- About this exercise: Word for word, restate the lines of the data below between those holding "Fluid Twist Walnut" and "ブラックブロッキングシャツカラードレス(ワンピース)｜LOVELESS", inclusive; pictures do not belong in the copy.

- Data to use:

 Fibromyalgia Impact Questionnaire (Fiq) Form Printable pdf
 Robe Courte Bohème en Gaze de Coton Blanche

...

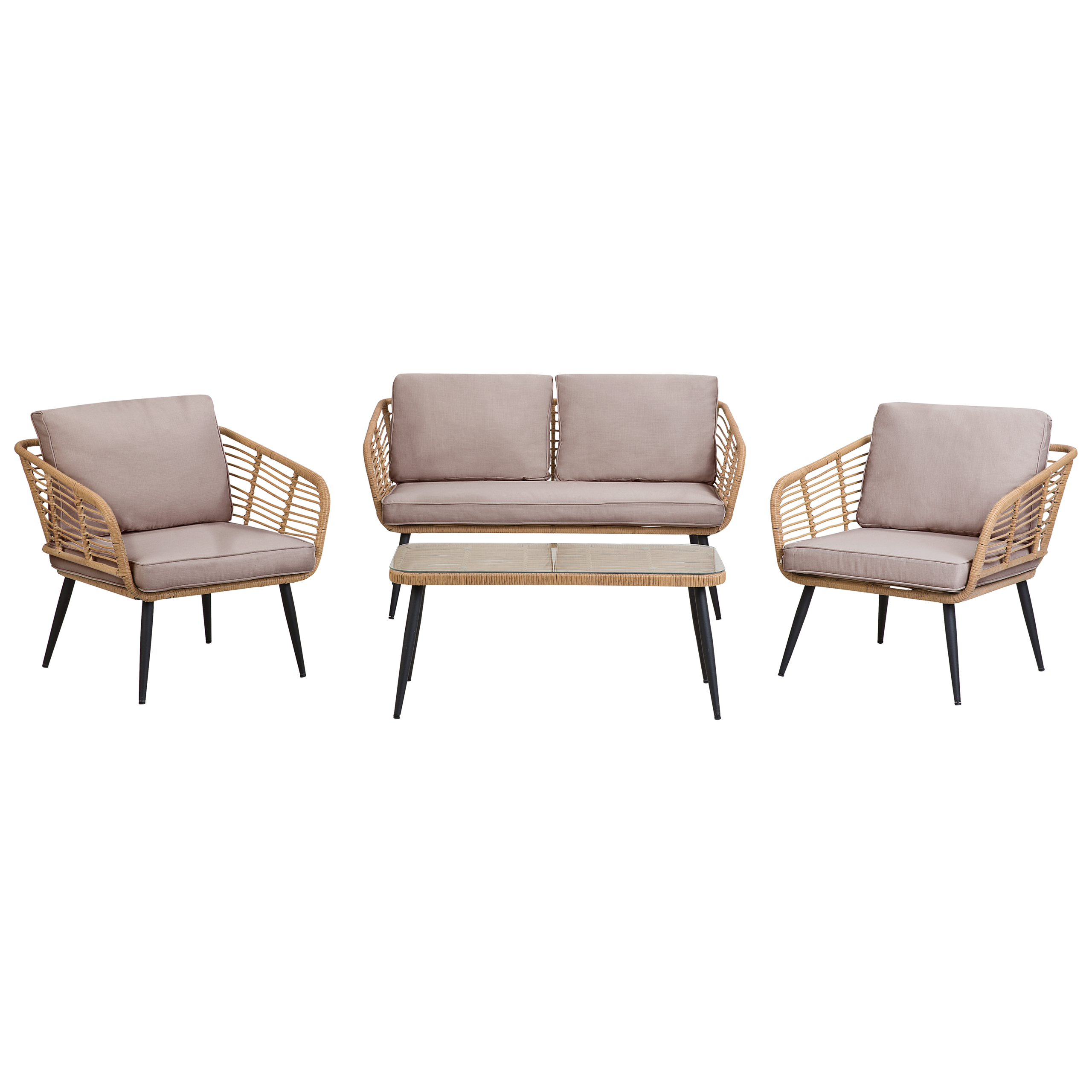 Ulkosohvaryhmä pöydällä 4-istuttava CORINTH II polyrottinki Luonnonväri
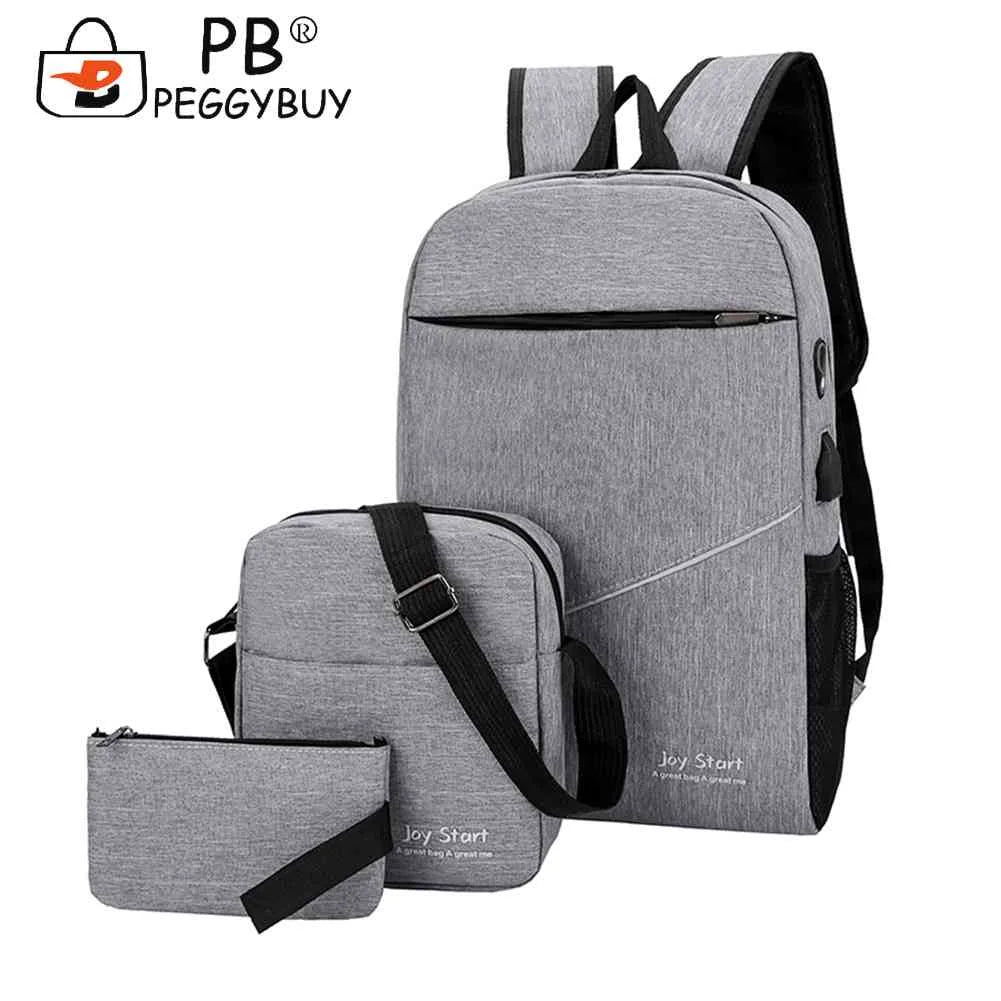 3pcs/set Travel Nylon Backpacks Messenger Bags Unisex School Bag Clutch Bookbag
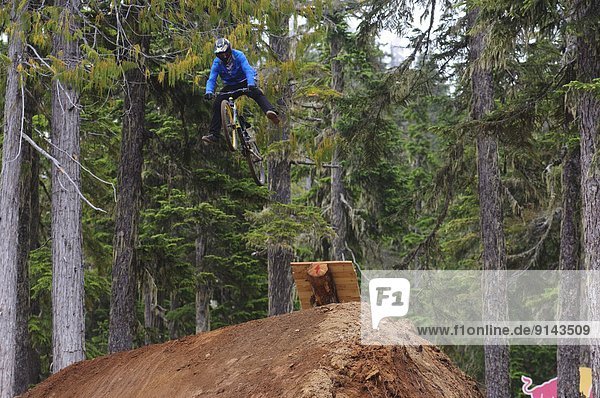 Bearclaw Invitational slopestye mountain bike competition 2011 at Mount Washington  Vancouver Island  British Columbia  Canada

* * *

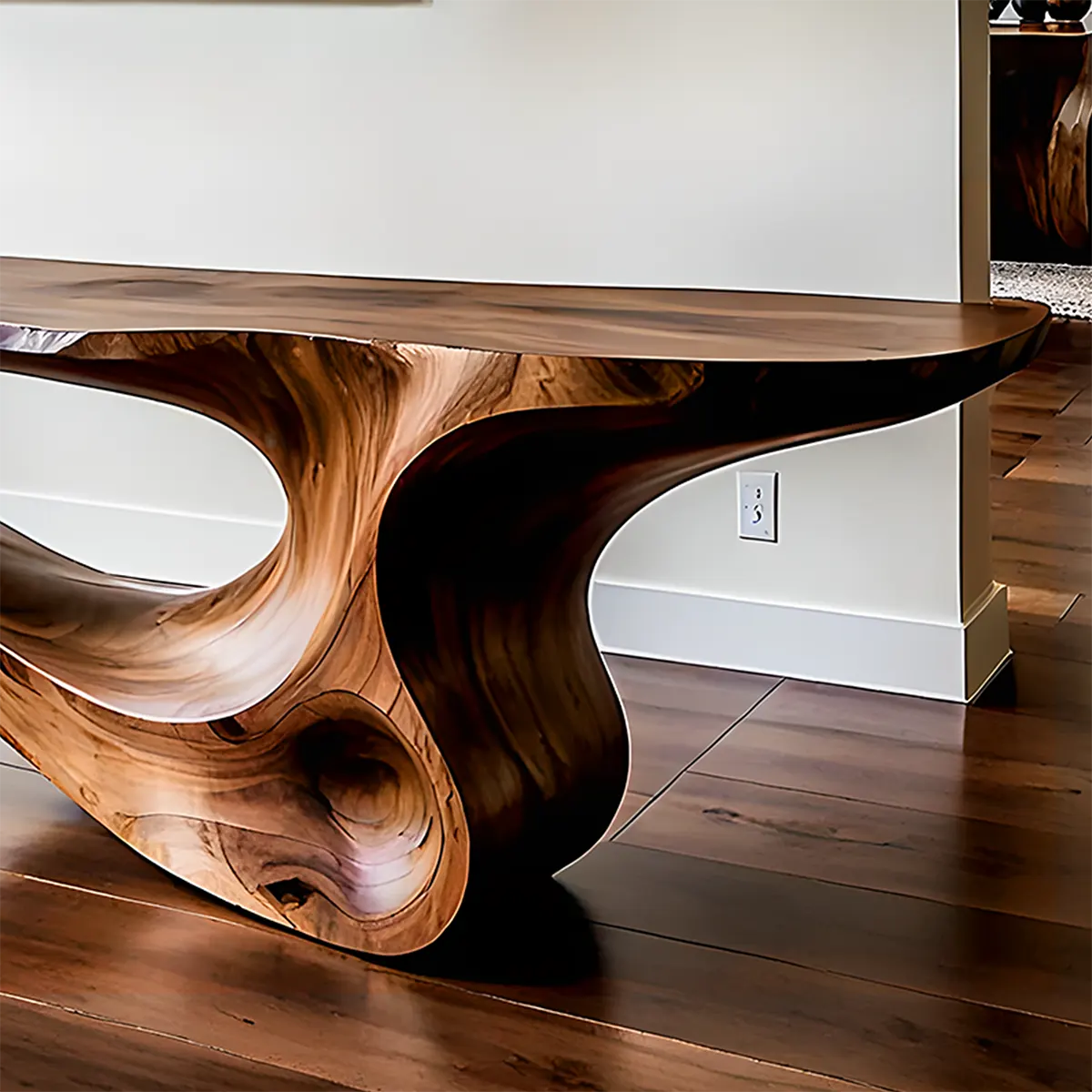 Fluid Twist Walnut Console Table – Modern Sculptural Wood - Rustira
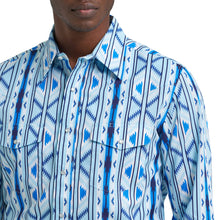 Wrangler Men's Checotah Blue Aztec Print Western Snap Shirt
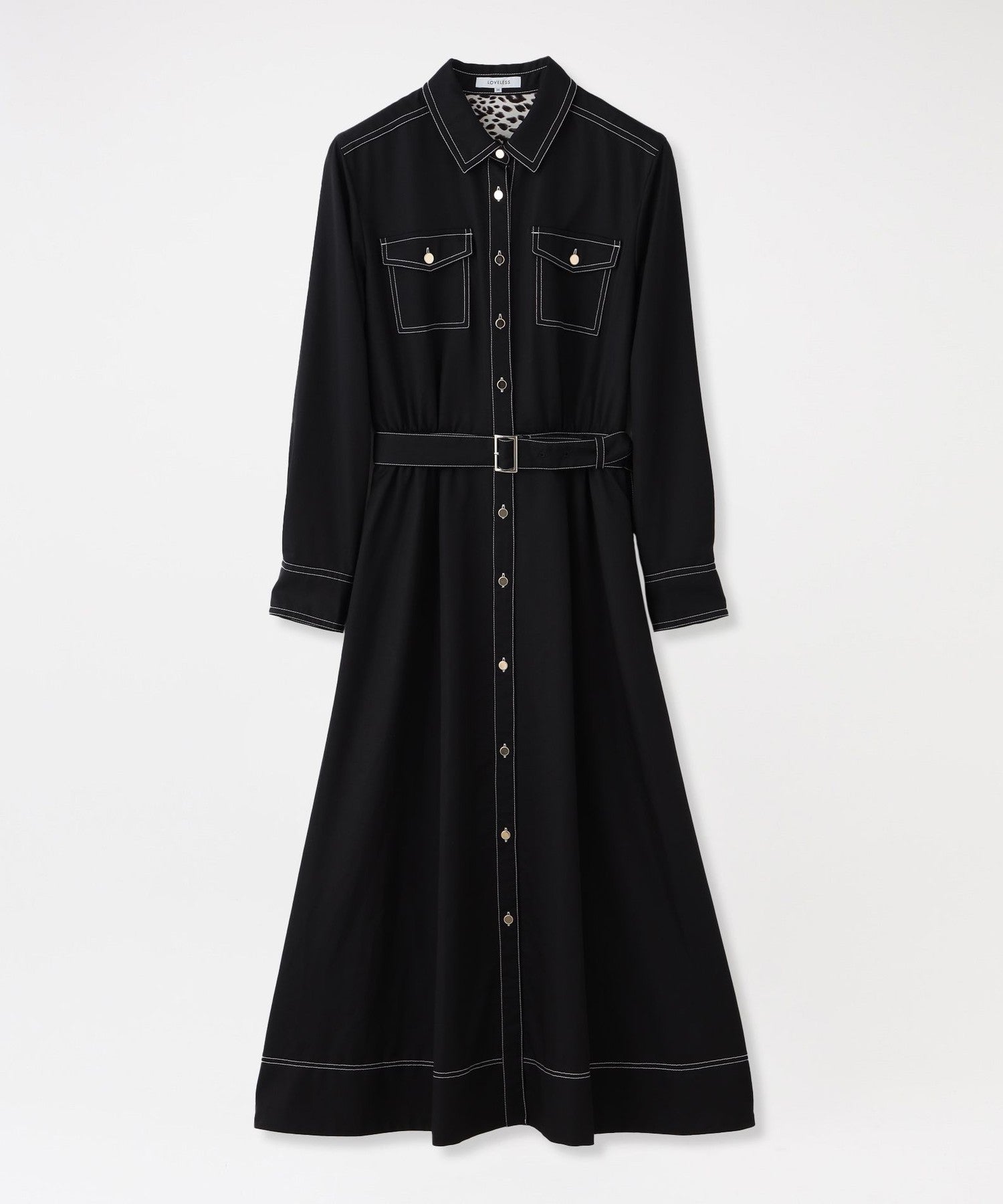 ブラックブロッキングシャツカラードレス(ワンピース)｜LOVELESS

- Answer box:
 Fluid Twist Walnut Console Table – Modern Sculptural Wood - Rustira
 Wrangler Men's Checotah Blue Aztec Print Western Snap Shirt
 ブラックブロッキングシャツカラードレス(ワンピース)｜LOVELESS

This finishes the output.